Ystad, SWEDEN — It’s barely dawn over the Baltic Sea and the morning light brings into view my first crime scene. On this stretch of beach, two tortured, but nicely attired corpses drifted lifelessly to shore, ironically on a lifeboat.

Before breakfast, I’ve tramped up the Hammars Backar hills of Ystad to the spot where a taxi driver was stabbed to death and I’ve wandered through the woods in the Hagestad Nature Reserve. Stunted gnarled oak and shady pine trees confirm what a serial killer already figured out: this is indeed a very tidy spot to hide three bodies. By lunchtime, I’m at the edge of a vast rapeseed field. Here a young woman drenched in gasoline lit herself on fire.

While in reality Sweden is a rather peaceable nation, with a homicide rate of only one per 100,000 residents, in crime novels it’s a bleak and violent place.

The Stieg Larsson trilogy that begins with The Girl with the Dragon Tattoo has a lead character who is violently raped, then tortures her attacker with crude carvings on his body and do-gooders get gunned down in their Stockholm apartment. But that’s nothing compared to what goes down in Ystad, a seaside town of 17,000 perched on the southernmost tip of Sweden. In the fictional world of detective Kurt Wallander – the literary creation of bestselling author Henning Mankell – Ystad has a murder rate that would make Mexico seem like, well, Sweden.

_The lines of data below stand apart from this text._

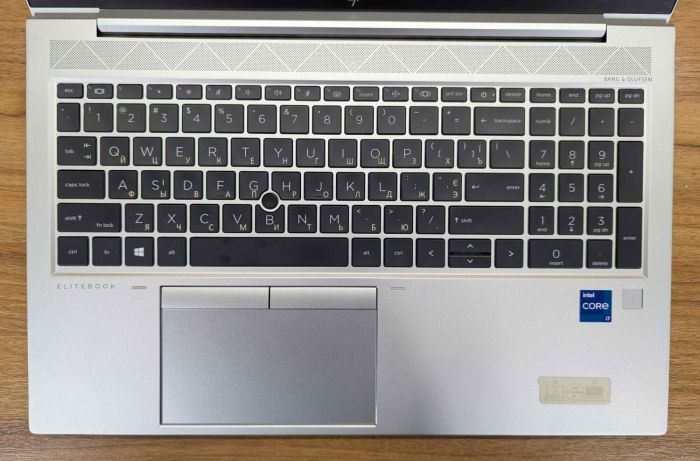 Ультрабук Б-клас HP EliteBook 850 G8 / 15.6" (1920x1080) IPS / Intel Core i7-1185G7 (4 (8) ядра по 3.0 - 4.8 GHz) / 16 GB DDR4 / 512 GB SSD / Intel Iris Xe Graphics / WebCam / TouchID / Windows 11 б/в - зображення 5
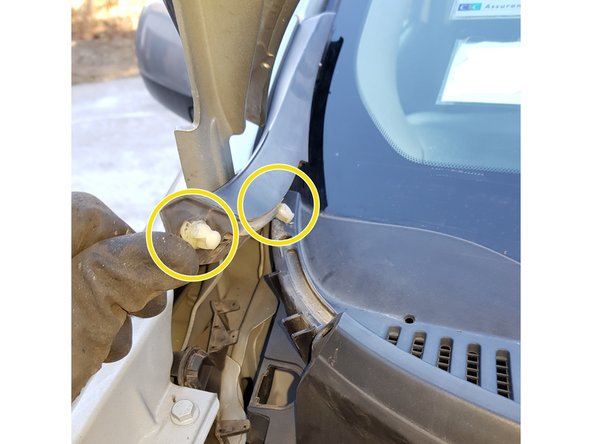 De chaque côté du tablier retirez les carters de protection en tirant dessus. Il sont maintenus par 2 clips en plastique.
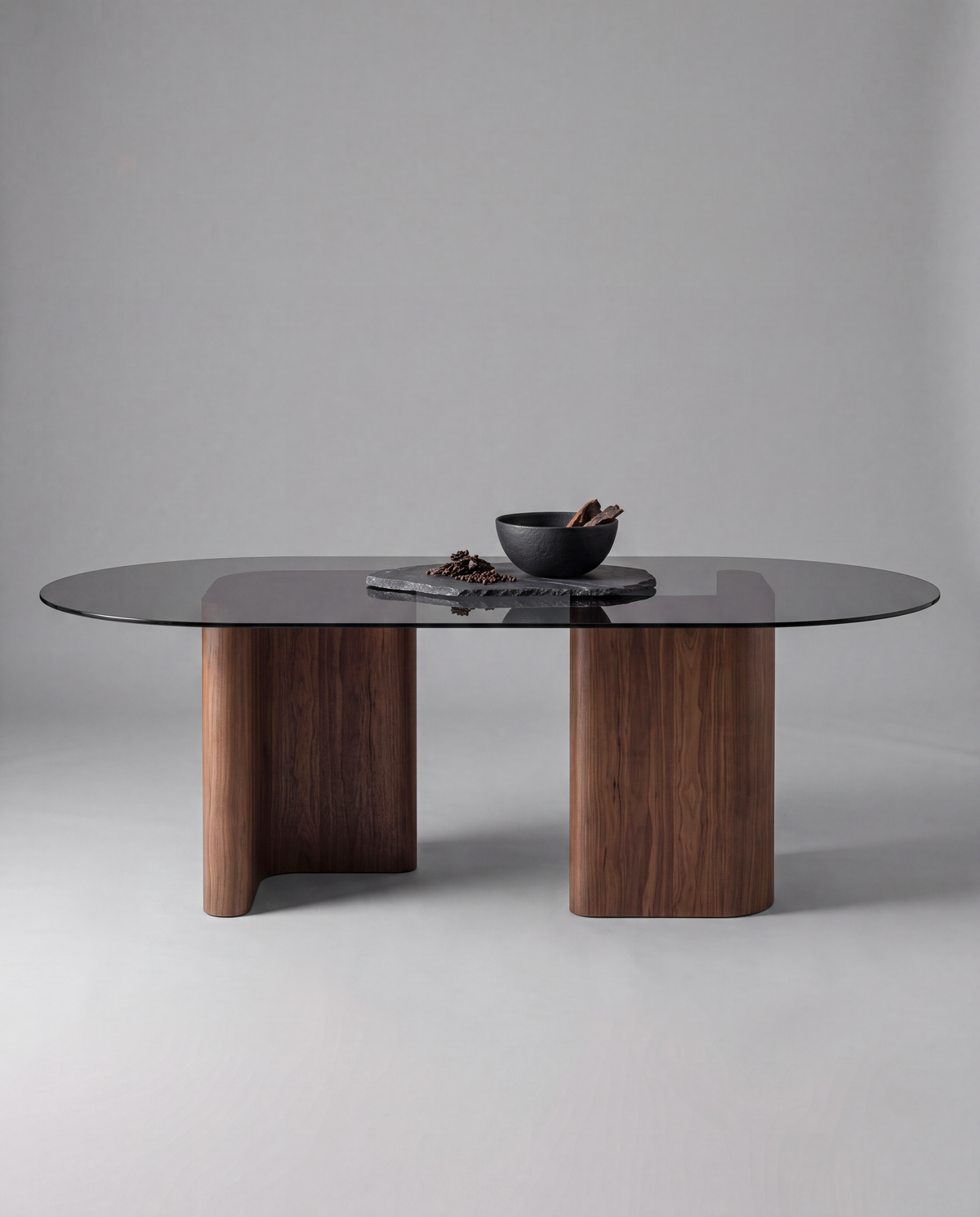 RO.ND Dining Table Wood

The dark world inhabited by Wallander is big business here in Ystad. Mankell’s first book, Faceless Killers, came out in 1991 and there have been at least five actors, including Brit Kenneth Branagh, who have portrayed the whiskey-drinking and opera-loving detective in various television series. Twenty-five million copies of Kurt Wallander books have sold worldwide and the number of visitors coming to Ystad has risen every year since 2002.

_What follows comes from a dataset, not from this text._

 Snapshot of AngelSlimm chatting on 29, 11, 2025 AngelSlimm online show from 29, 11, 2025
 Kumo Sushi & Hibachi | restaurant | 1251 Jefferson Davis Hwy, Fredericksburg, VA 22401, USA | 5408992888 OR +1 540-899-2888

Ystad, as a result, has become one of the country’s major film production centres with the various Wallander productionsand other Swedish films are produced, filmed and even edited here. The interior shots of Wallander’s apartment and the always-hectic police stations are real sets where filming takes place; when the actors are gone, visitors can wander through and sit in Wallander’s chair to gaze at paintings of grouse or pick up foam body parts.

But Ystad is more than the sum of its body parts.

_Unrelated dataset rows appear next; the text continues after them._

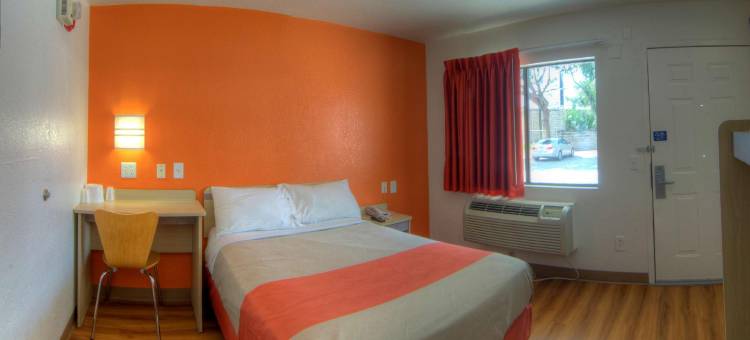 奥兰多6号汽车旅馆 - 冬季公园(Motel 6 Orlando, FL - Winter Park)图片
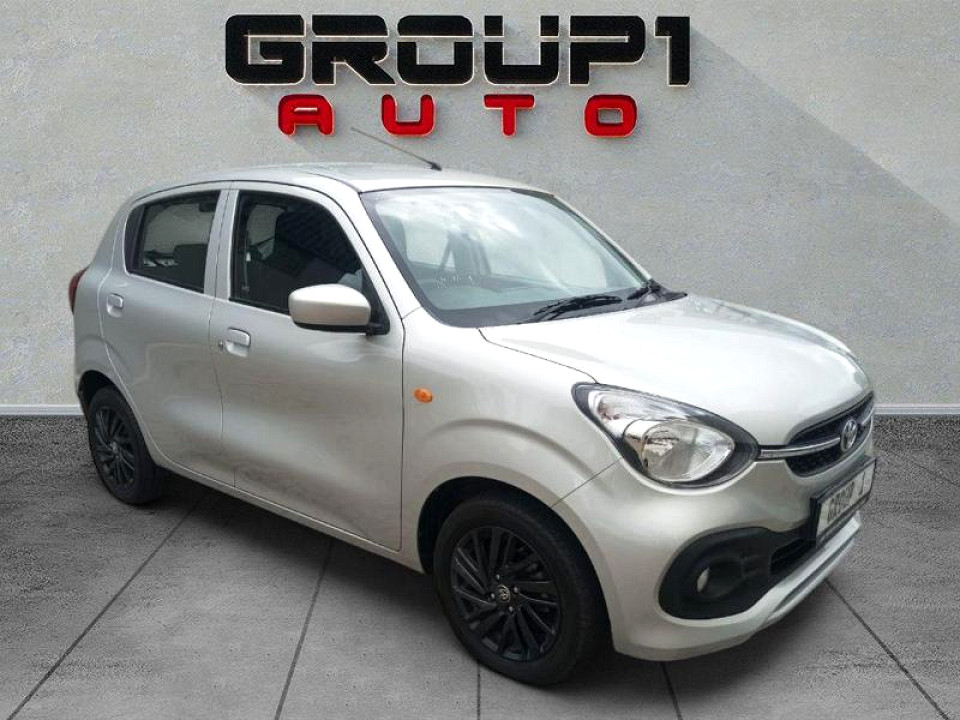 TOYOTA VITZ 1.0 XR, image 1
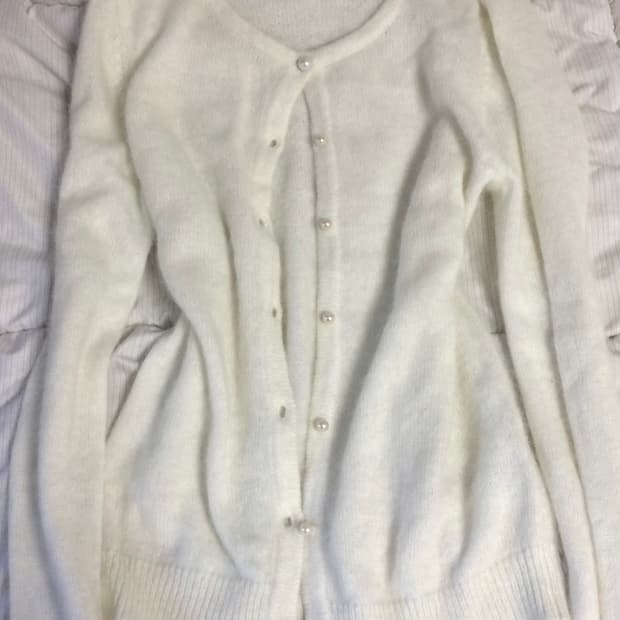 빈티지 화이트 아이보리 앙고라 진주 가디건 데일리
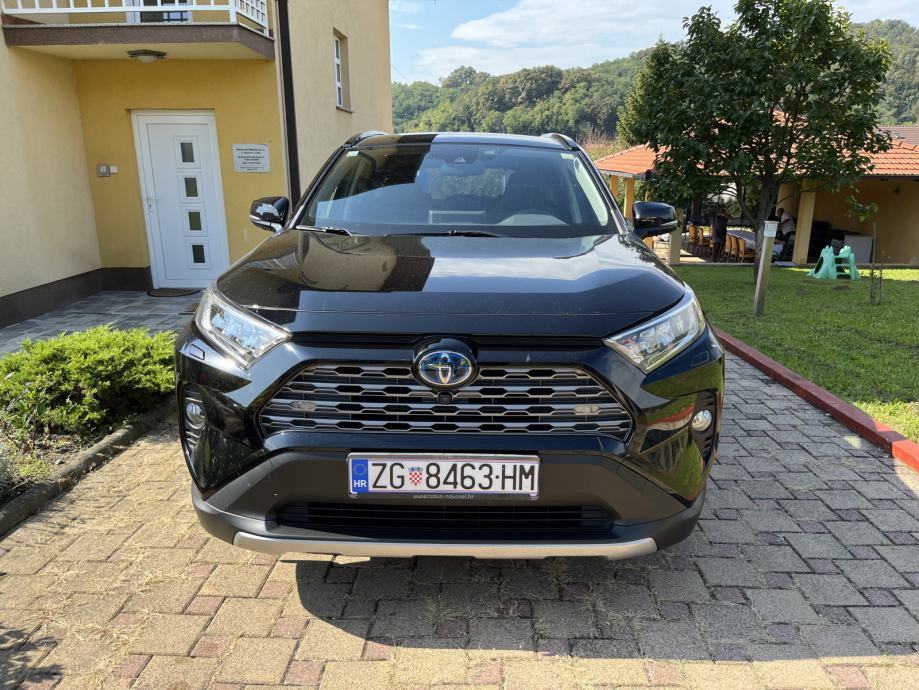 Toyota RAV4 2,5 HYBRID**** VOZILO JE U SUSTAVU PDV-a***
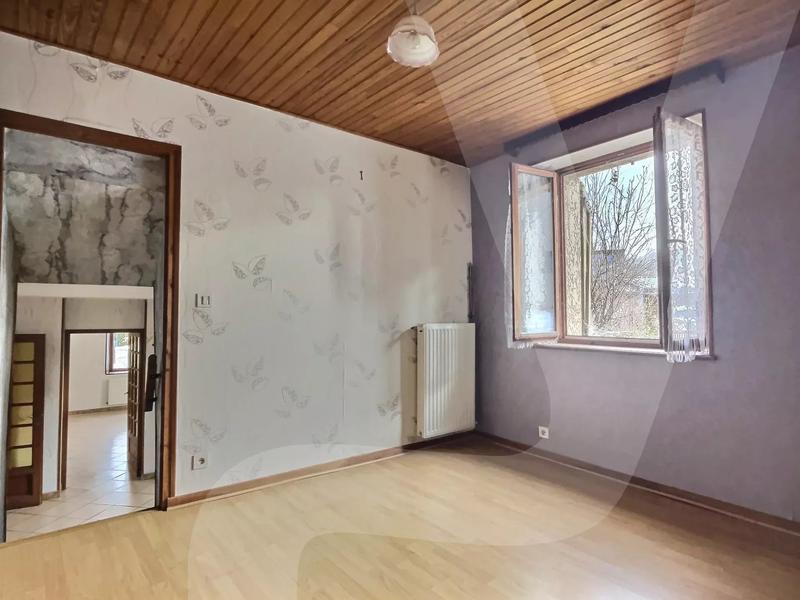 Maison - 182 m² - 8 pièces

Wallander is always contemplating and Ystad is the place to do that. There is a serenity here, despite the various gruesome murders detailed by Mankell who relishes impaling, scalping and dismembering his victims and then placing the corpses in bucolic settings like sandy beaches and pastoral picnic sites.

Take away the horrors from the pages of a book and the reality is a landscape where the criminal activity in a work of fiction is so compelling because it is so unlikely.

Peace is a place where bodies appear but leave no trace behind after the final chapter.


 

Weather
Spring and early fall are the best times to visit southern Sweden and the temperatures are similar to Vancouver. In April, daytime highs are on average 10 degrees and 3 degrees at night.

Sleep
The 109-room Ystad Saltsjobad hotel on the outskirts of town is situated right on the sandy beachfront on the Baltic Sea. A plank stretching far into the ocean is a holdout from the 19th century when bathing first became popular and used as a divider between men and women.

Visit
Ales Stenar, Sweden’s Stonehenge, is a megalithic ship of stones above a small fishing village overlooking the sea. There are 59 stones all together each weighing as much as two tonnes. Why it’s there and how long it’s been there, dates range from the Viking era to the 1500s, is a mystery befitting its own novel.

Taste
At Wallander’s favourite cafe, the Fridolfs Konditori, the herring sandwich is exactly what the detective would have ordered but a better bet is the Wallander pastry, a teeth-jarringly sweet cake with blue marzipan glaze the same shade as the Swedish police uniform.